9h44 : I did it !!!

Mark Allen, Dave Scott, Greg Welch, Paula Neuby Fraser, Natacha Badman. Autant de noms qui évoquent la légende du triathlon.

Hawaii – kona – Queen K – Energy Lab. Autant de lieux qui font rêver plus d’un triathlète.

Ces noms là, j’avais eu la chance de les voir de mes yeux en 2008. Ces endroits là, j’avais eu la chance de les fouler en 2008.

Ce fut pour moi la découverte d’un monde incroyable, limite sectaire, parfois d’un monde « m’as tu vu », d’un monde mercantile mais, et il ne faut pas l’oublier, un monde de sportifs : Le monde des Ironmen. Car, malgré le coté parfois  geek des Mdot men and women, il n’en sont pas moins des sportifs. Personne ne peut dire que quelqu’un qui aligne 3,8 km de natation, 180 km de vélo et un marathon n’est pas quelque part, un peu sportif.

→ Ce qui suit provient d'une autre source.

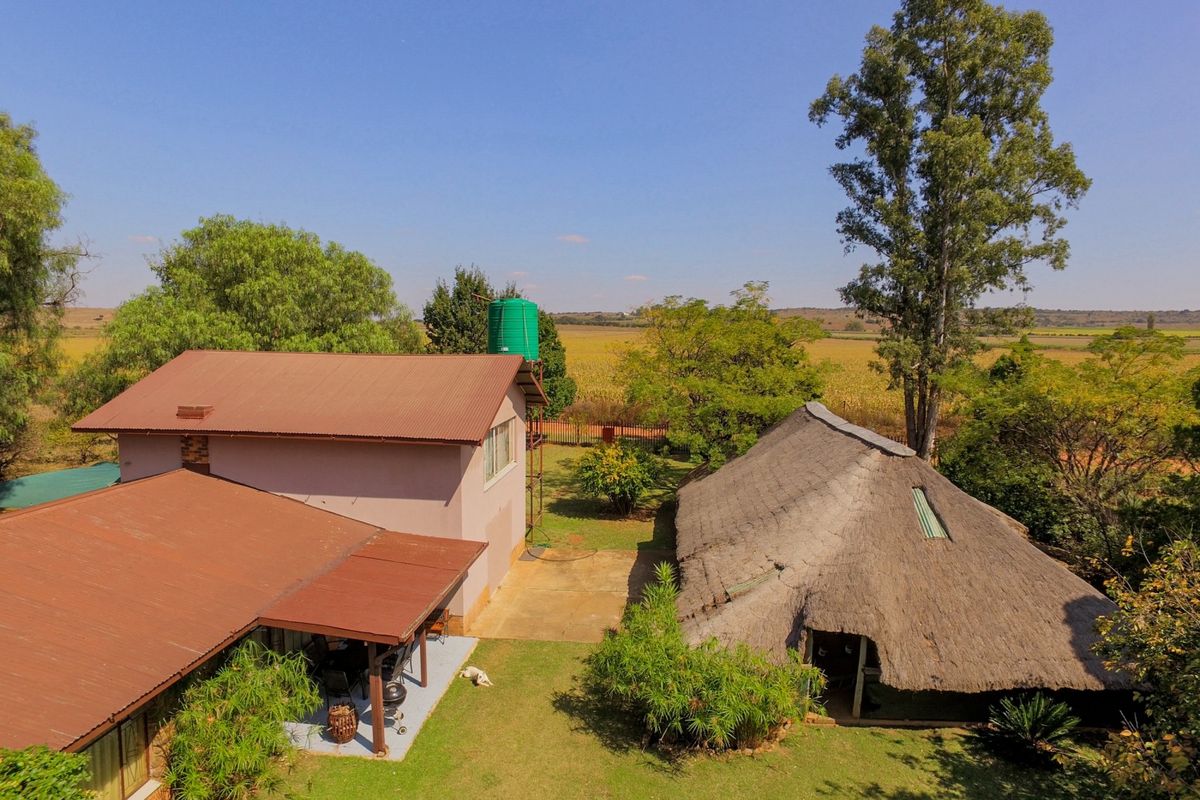 2 (Two) X 2.14 ha - Small holdings next to each other For Sale - Near the R 42. One with big house - Photo 2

La semaine du triathlon d’Hawaii représente l’extrême des deux aspects du monde des Ironmen : Une folie pendant une semaine au niveau ambiance, entraînement, dépense en « Mdot Gadgets », soleil, paysage…Mais aussi une course de dingue, où les meilleurs pro de la planète viennent s’affronter sur une course hors norme côtoyés par les Ages Groupes qualifiés sur les divers Ironman de l’année. En 2008, j’ai eu la chance de pouvoir participer, en tant qu’amateur, à cette course et je rêvais d’y retourner un jour.

Voilà pourquoi, il y a déjà plus d’un an, j’ai demandé à Nicolas Hemet s’il voulait bien m’accepter dans son pool d’athlète afin qu’il m’aide à préparer ma course de qualification et en cas de réussite, qu’il m’aide à préparer ma course hawaiienne.

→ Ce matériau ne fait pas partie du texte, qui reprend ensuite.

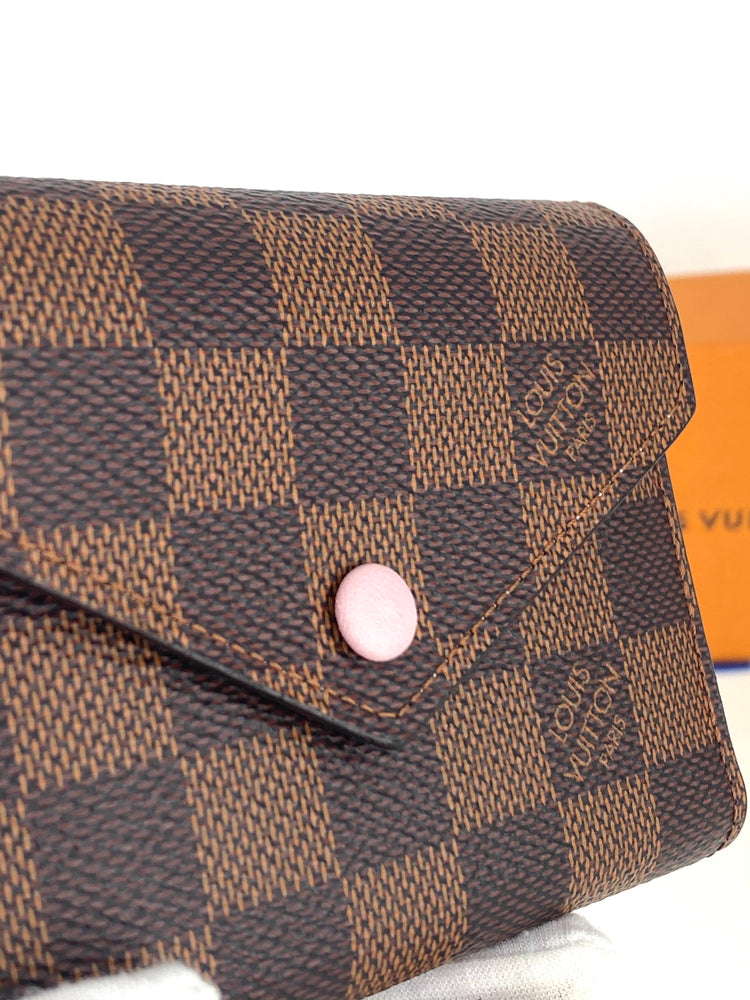 Lot - Louis Vuitton Damier Ebene Victorine Wallet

Il a accepté : Merci Nick !!!

Juste un petit aparté pour la course de qualification. Pour ceux qui souhaite un jour aller à Hawaii, mettez toutes les chances de votre coté, notamment dans le choix, très important, de la course. Étudiez bien vos qualités et vos défauts, votre type de parcours préféré (montagneux pour puncheur où tout plat pour rouleur), le nombre de slots dans votre catégorie, le temps du dernier qualifié dans votre catégorie. Cette recherche essentielle permet d’éviter de gaspiller ses chances.

Vu mon profil de coureur, et mon affinité pour son parcours, ma course de qualification fut Lanzarote.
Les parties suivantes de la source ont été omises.